As abelhas estão envolvidas em uma interação mutualística considerada


fundamental para a manutenção da vida na Terra. Esta interação resulta no
processo conhecido como polinização. A polinização antecede a fecundação dos
óvulos na reprodução sexuada das plantas, possibilitando a formação de frutos e
sementes que originarão novos conjuntos de indivíduos compondo as comunidades
vegetais. Esta interação também permite o fluxo gênico das espécies vegetais,
garantindo o reestabelecimento da diversidade de uma comunidade (PALMER ​et al​.,
1997; RODRIGUES & GANDOLFI, 2000).
As abelhas destacam-se como agentes polinizadores tanto de plantas nativas
como cultivadas, sendo responsáveis pela polinização de aproximadamente 50% de
espécies vegetais presentes em florestas tropicais e 80% de espécies que ocorrem
no cerrado. Já em relação às plantas cultivadas, as abelhas atuam na polinização
de 73% dos cultivos agrícolas, incluindo os que estão presentes diariamente na
alimentação humana, tais como: cultivos de tomate, soja, berinjela, laranja, maçã,
maracujá, entre outros (SANTOS & MENDES, 2016).
Por outro lado, as plantas disponibilizam recursos florais para seus
polinizadores que são utilizados na alimentação, reprodução e/ou construção de
ninhos. Recursos nutritivos, como pólen, néctar, óleos e tecidos florais são utilizados
para a alimentação, e os recursos não nutritivos são destinados à construção de
ninhos, como no caso das resinas, ou a comportamentos reprodutivos, como os
compostos aromáticos (ROUBIK, 1989). Dessa forma, essa importante interação
beneficia e garante a sobrevivência das plantas e das abelhas que realizam a sua
polinização.
Além de seu importante papel como polinizador, as abelhas também são
conhecidas pelos diversos insumos que produzem e são comercializados
mundialmente. O produto com maior destaque produzido pelas abelhas é o mel. A
produção do mel é realizada a partir do néctar floral que é coletado pelas abelhas e
após ser desidratado por meio de transformações químicas realizadas por enzimas
presentes no trato digestivos das abelhas ele é regurgitado e, por fim, armazenado
em estruturas chamadas de alvéolos que estão presentes nas colmeias, para
posteriormente ser utilizado na alimentação dos indivíduos da colmeias
(GOLYNSKI, 2009). O mel possui propriedades medicinais proveniente dos vários
compostos que o constitui, como: água, mono e dissacarídeo, vitaminas, sais
minerais, proteínas, entre outros. Além disso, o mel é muito apreciado por seu sabor
característico, muitas vezes sendo utilizado como substituinte natural da sacarose
na alimentação humana (BACAXIXI​,​ 2011).
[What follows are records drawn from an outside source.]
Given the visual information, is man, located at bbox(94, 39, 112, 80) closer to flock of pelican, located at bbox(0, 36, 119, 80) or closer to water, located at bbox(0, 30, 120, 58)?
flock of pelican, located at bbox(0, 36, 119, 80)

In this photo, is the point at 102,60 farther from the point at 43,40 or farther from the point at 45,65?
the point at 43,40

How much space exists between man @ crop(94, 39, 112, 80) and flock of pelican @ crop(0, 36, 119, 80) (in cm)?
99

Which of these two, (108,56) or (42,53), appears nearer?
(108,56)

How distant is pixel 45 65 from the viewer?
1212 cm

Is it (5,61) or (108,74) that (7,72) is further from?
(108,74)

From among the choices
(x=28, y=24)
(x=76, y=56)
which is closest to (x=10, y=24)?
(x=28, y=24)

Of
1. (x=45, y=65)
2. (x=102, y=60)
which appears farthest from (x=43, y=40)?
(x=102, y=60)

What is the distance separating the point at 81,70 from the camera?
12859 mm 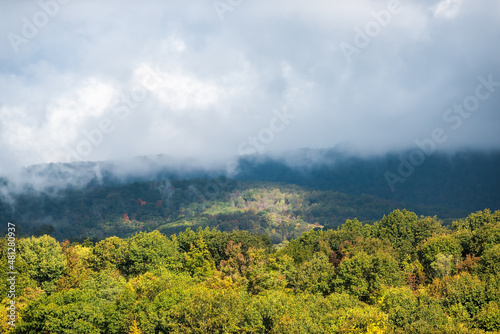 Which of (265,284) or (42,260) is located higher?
(42,260)

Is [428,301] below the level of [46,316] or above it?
above

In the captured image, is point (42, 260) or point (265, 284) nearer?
point (265, 284)

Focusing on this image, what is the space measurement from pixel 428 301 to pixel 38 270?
86956 millimetres

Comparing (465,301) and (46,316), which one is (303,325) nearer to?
(465,301)

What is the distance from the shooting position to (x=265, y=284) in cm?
8681

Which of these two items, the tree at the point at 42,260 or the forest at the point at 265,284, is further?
the tree at the point at 42,260

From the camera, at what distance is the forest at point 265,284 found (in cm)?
5728

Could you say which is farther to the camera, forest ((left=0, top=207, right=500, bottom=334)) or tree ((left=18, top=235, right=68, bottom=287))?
tree ((left=18, top=235, right=68, bottom=287))

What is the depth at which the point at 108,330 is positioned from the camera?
217 ft

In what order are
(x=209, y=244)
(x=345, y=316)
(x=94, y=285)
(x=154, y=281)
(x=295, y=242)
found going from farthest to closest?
(x=295, y=242)
(x=209, y=244)
(x=94, y=285)
(x=154, y=281)
(x=345, y=316)

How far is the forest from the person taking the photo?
57.3 meters

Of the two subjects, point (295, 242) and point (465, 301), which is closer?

A extração e comercialização do mel é realizada a partir da criação de dois
grupos distintos de abelhas. A criação de abelhas da espécie ​Apis melífera é
denominada Apicultura. Essas abelhas possuem ferrão e são conhecidas
popularmente como abelhas africanizadas, pois são fruto do cruzamento de uma
espécie africana (​Apis mellifera scutellata​) com espécies europeias, ambas
introduzidas no Brasil durante o período colonial (BALLIVIÁN ​et. al.,​ 2008).
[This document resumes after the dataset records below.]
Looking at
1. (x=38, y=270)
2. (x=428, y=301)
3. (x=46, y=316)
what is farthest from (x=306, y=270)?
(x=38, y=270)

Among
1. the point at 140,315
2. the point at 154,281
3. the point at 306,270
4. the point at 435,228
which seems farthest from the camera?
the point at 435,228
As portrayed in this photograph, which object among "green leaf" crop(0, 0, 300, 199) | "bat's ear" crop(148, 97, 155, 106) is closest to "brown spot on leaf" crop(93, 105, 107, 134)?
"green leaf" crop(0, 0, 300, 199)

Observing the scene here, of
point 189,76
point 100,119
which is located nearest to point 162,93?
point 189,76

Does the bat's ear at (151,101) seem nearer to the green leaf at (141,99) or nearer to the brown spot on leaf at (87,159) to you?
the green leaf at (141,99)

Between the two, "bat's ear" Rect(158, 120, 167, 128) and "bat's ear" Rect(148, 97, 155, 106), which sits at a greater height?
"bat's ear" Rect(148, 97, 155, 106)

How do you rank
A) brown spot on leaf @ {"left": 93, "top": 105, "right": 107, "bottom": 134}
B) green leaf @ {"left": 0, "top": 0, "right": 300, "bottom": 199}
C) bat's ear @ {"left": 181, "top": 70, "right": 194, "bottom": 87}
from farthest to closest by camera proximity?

A apicultura é uma das atividades agropecuárias com grande destaque no
agronegócio brasileiro, proporcionando uma renda extra aos pequenos produtores.
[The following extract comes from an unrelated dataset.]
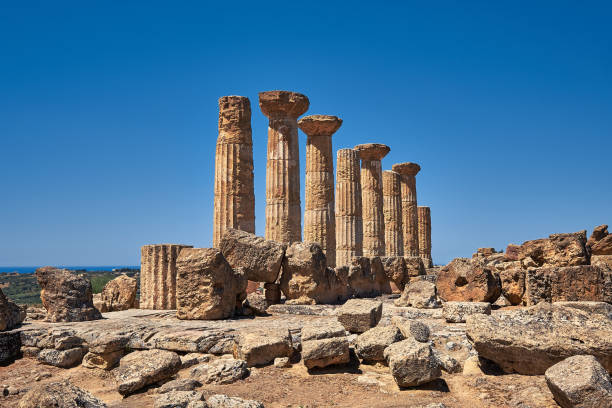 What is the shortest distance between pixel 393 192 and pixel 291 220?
8.81 m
Segundo a Associação Brasileira de Exportadores de mel (ABEMEL), o Brasil
apresentou uma evolução no ranking dos países exportadores de mel, subindo da
14ª posição que ocupava em 2014 para a 9ª posição em 2016. Já em relação a
produção de mel, em 2017 foram produzidas no total 41,6 mil toneladas de mel em
3 879 municípios brasileiros, arrecadando um valor de R$ 513,9 milhões e gerando
um aumento de 5,0% na produção nacional em relação ao ano anterior (IBGE,
2017).
Existe também, porém ainda pouco popularizada, a Meliponicultura, que
consiste na criação das diversas espécies de abelhas sem ferrão que compõe o
grupo dos meliponíneos. Essas abelhas também são conhecidas como abelhas
nativas, pois diferente da ​A. mellífera que é uma espécie de abelha exótica, os
meliponíneos são abelhas nativas do Brasil, encontradas especialmente na região
amazônica. Ou ainda são chamadas de abelhas indígenas, por terem sido
manejadas inicialmente por povos indígenas que extraiam recursos provenientes de
suas colmeias para diversos fins (NOGUEIRA-NETO, 1997; LOPES ​et al​., 2005).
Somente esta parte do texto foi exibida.